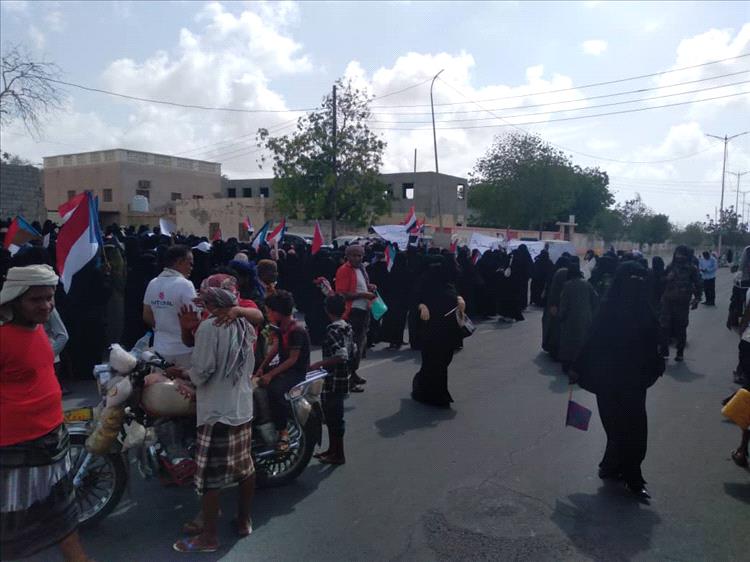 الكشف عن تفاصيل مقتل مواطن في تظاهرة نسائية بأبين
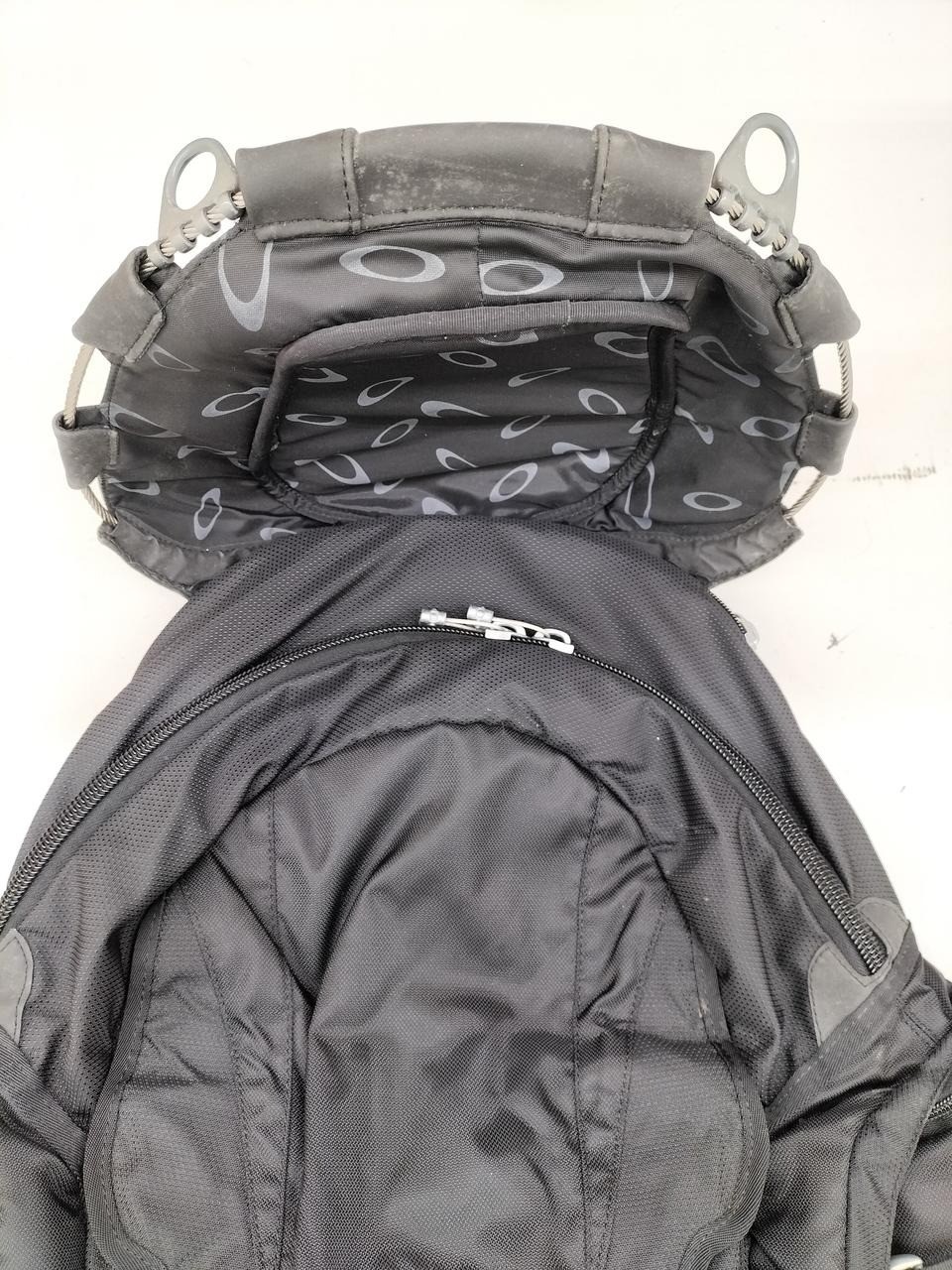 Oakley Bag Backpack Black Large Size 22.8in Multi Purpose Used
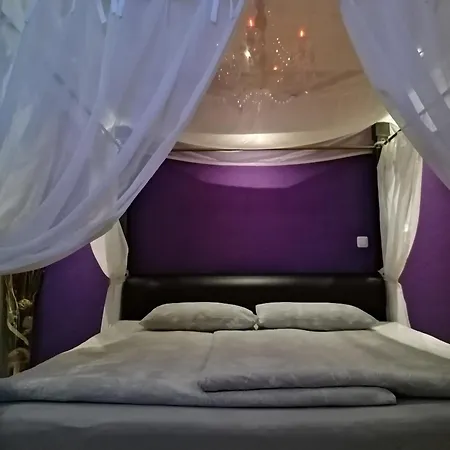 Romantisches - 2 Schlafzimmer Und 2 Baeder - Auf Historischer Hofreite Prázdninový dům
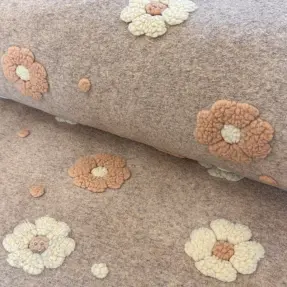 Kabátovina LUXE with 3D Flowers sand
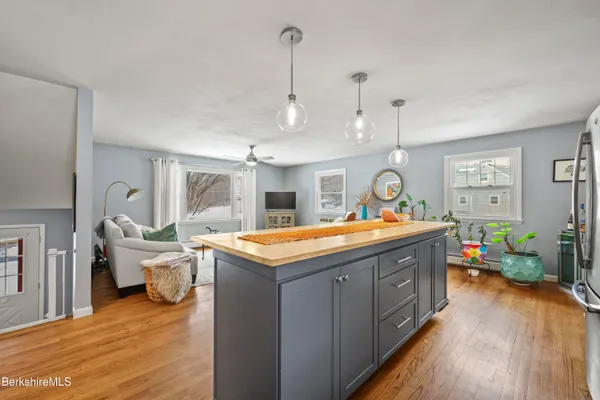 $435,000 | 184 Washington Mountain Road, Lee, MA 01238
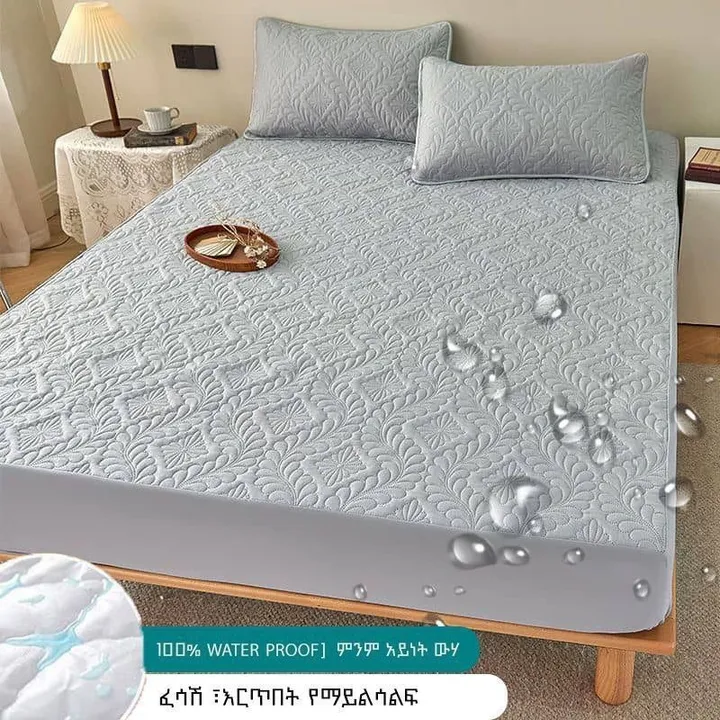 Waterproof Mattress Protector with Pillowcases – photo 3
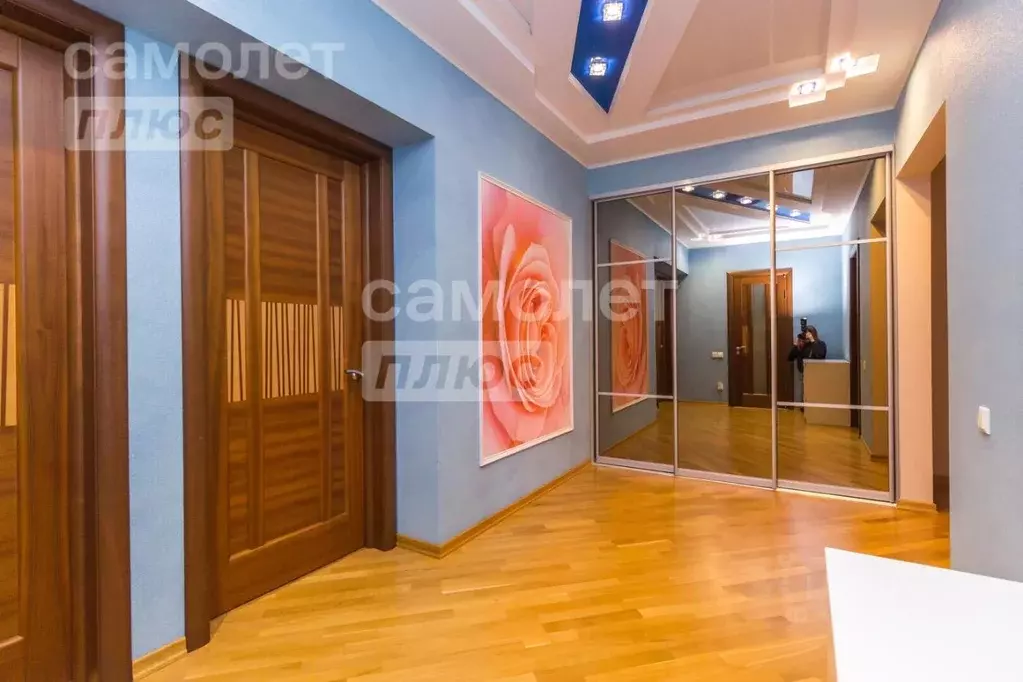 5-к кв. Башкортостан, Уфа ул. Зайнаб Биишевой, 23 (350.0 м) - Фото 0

---

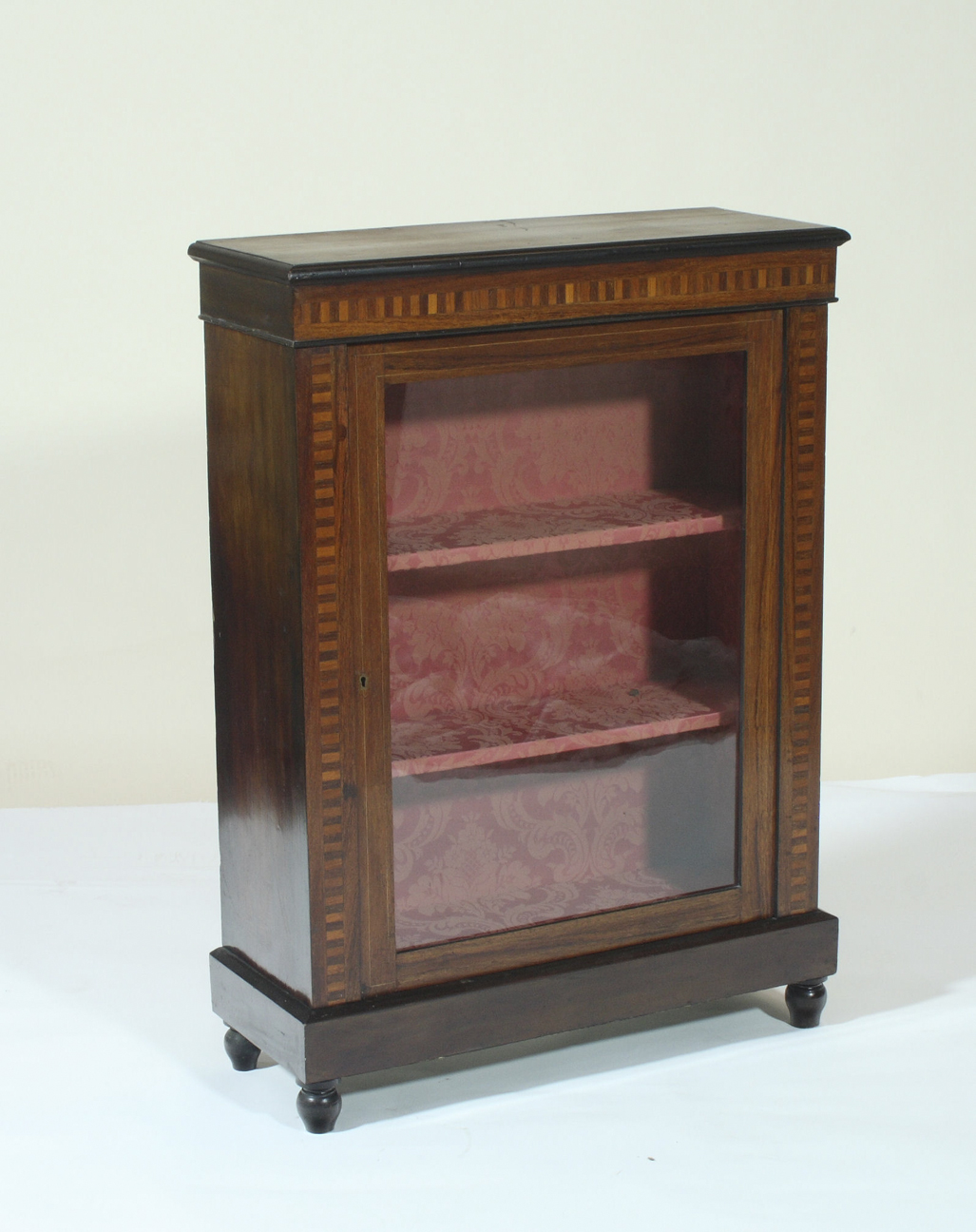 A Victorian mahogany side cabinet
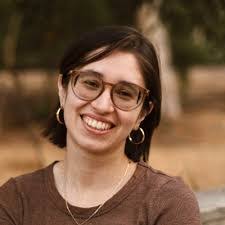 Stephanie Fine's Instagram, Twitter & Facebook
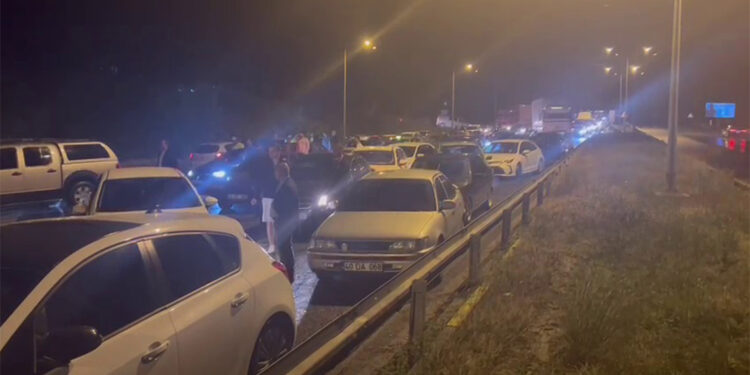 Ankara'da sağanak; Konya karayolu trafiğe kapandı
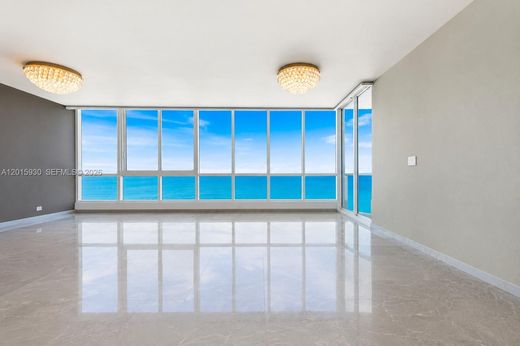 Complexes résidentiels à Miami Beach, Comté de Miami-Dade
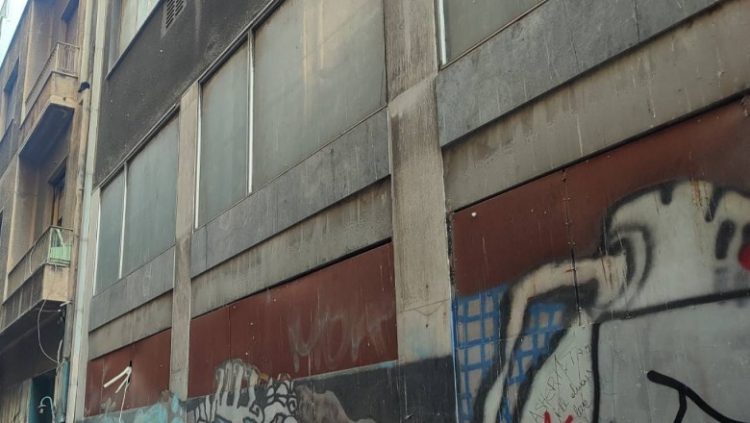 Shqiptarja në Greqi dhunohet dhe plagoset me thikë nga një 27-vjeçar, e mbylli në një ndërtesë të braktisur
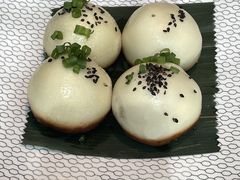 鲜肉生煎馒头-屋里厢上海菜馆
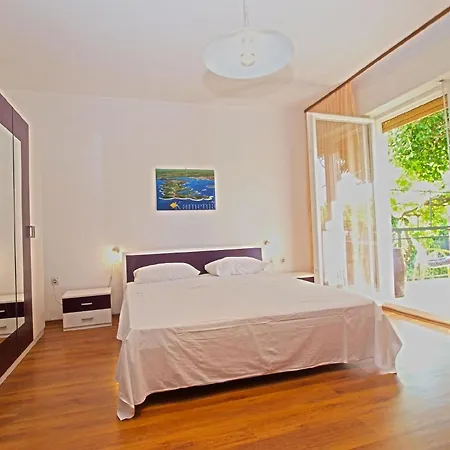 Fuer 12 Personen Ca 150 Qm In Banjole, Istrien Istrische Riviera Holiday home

==

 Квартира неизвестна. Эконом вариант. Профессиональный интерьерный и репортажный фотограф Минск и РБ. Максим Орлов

(WORK TO BE COMPLETED) When you reach the line with "Oakley Bag Backpack" in the records above, start writing out each line exactly, and stop after the line with "5-к кв. Башкортостан, Уфа". Pictures stay out.

(ANSWER FOR THIS EXERCISE)
 Oakley Bag Backpack Black Large Size 22.8in Multi Purpose Used
 Romantisches - 2 Schlafzimmer Und 2 Baeder - Auf Historischer Hofreite Prázdninový dům
 Kabátovina LUXE with 3D Flowers sand
 $435,000 | 184 Washington Mountain Road, Lee, MA 01238
 Waterproof Mattress Protector with Pillowcases – photo 3
 5-к кв. Башкортостан, Уфа ул. Зайнаб Биишевой, 23 (350.0 м) - Фото 0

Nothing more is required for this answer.